A great logo can make the difference between winning and losing in a competitive marketplace.

To win with a world-class logo, here are the six key characteristics:

Uniqueness means telling your story.

Some companies, such as Intel, have been ingenious in creating a logo with sound — the famous Intel “bong.”

The 2015 video explains the history of the Intel bong.

You want to stand out against your competition. Additionally, like Intel, create your own fonts to distinguish your logo from others.

And yes, you want a memorable logo, but the last thing you want is negative publicity and the expense of a lawsuit.

Keep it fresh.

Look into the future. Your logo needs to be timeless in the face of changing times.

It’s not always possible – sometimes logos need to be fine-tuned because of developing trends. If you decide to update your logo be sure, though, to keep the same basic concept (customers long remember a great logo).

Simplicity works.

Don’t get too cute. A logo needs to be simple to be memorable. Here’s a trite phrase but apropos – “Less is more.”

Simplicity is necessary so you can also use your logo as a favicon.  A favicon is shown in the address bar of every browser, and will help to level your playing field with bigger companies. (A favicon is briefly explained among the eight best practices in small business marketing.)

Be artistic for visual appeal.

Professionalism is important to avoid the look of being poorly planned. You want balance in color and fonts that don’t clash with your objective.

A logo design should coincide with your targeting.

Style, fonts and colors might be appropriate for one industry and profession, they aren’t suitable for others. A whimsical style is not suitable for professional service firms. And it must look good with your slogan.

It should be adaptable.

Flexibility is important. There are occasions when you’ll to display your logo in different ways – whether it’s for a black-and-white motif, a small logo on business cards or a large rendition on a sign at a store location.

From the Coach’s Corner, here are more marketing tips:

Overview: Marketing Plan Essentials For Best Results — If you haven’t completed a strong marketing plan to complement your business plan, you’re missing salient benefits and your plan needs four specifics.

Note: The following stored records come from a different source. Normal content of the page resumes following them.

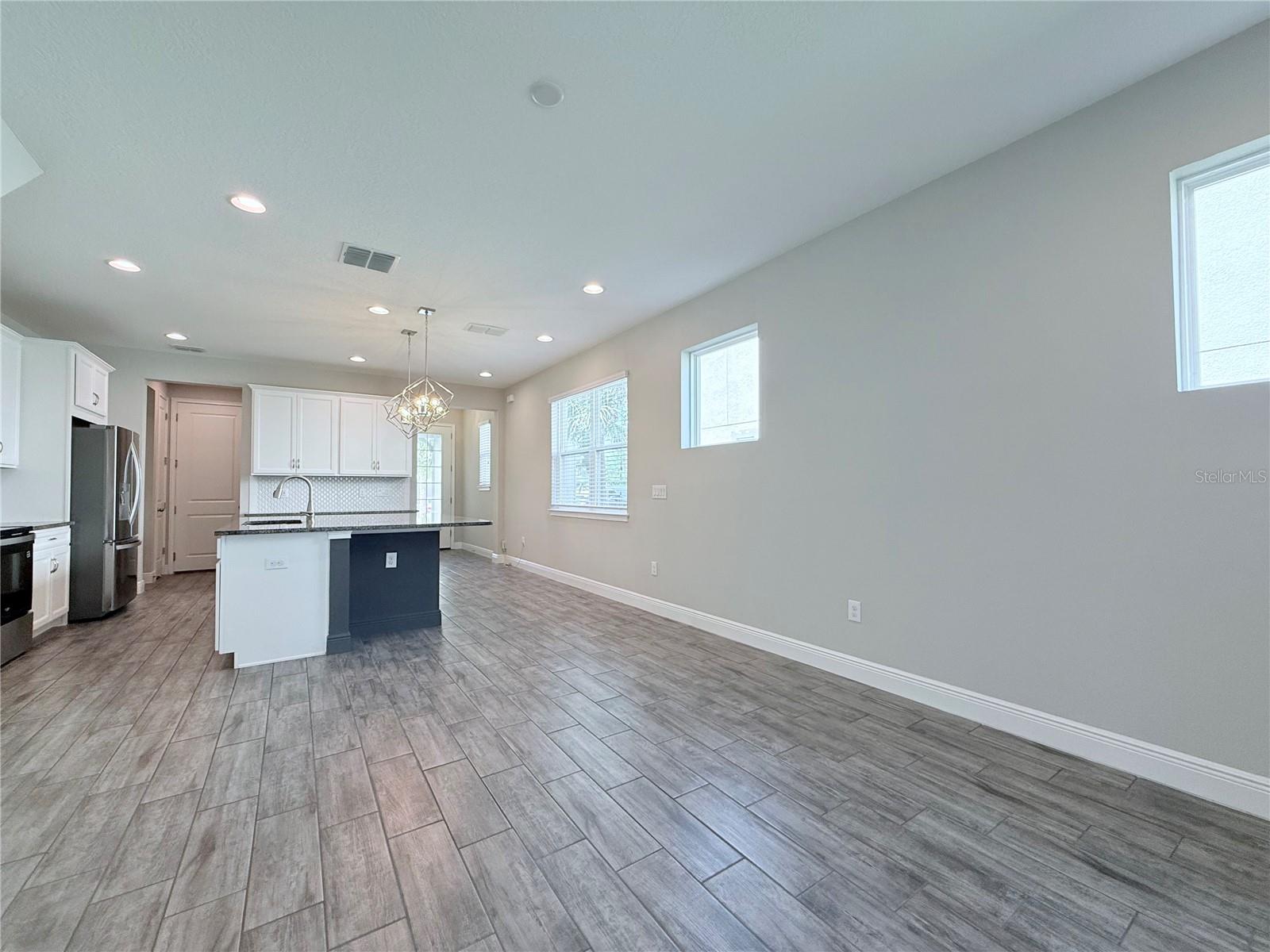 Image 22 of 72 For 11724 Cambium Crown Drive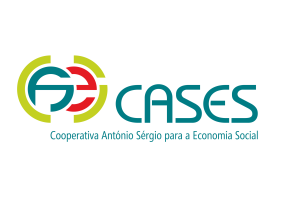 Formação CASES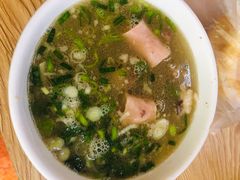 -马尔沙牛杂(海一大厦店)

Strategies, Precautions When Expanding into a New Market — Whether you’re expanding across town or a different region, there are risks to anticipate in alleviating any uncertainty.

Critical Essentials to Develop the Best Marketing Formula — There are critical essentials for marketing, which includes the right channels and developing the right message. That includes the right branding slogan and logo. Unless your targeting upscale consumers, many consumers prefer value marketing — not cute, which doesn’t necessarily mean selling at a lower price than your competitors. Hyper-consumerism is history. Humor is great, but more importantly, traditional values with a purpose are in vogue.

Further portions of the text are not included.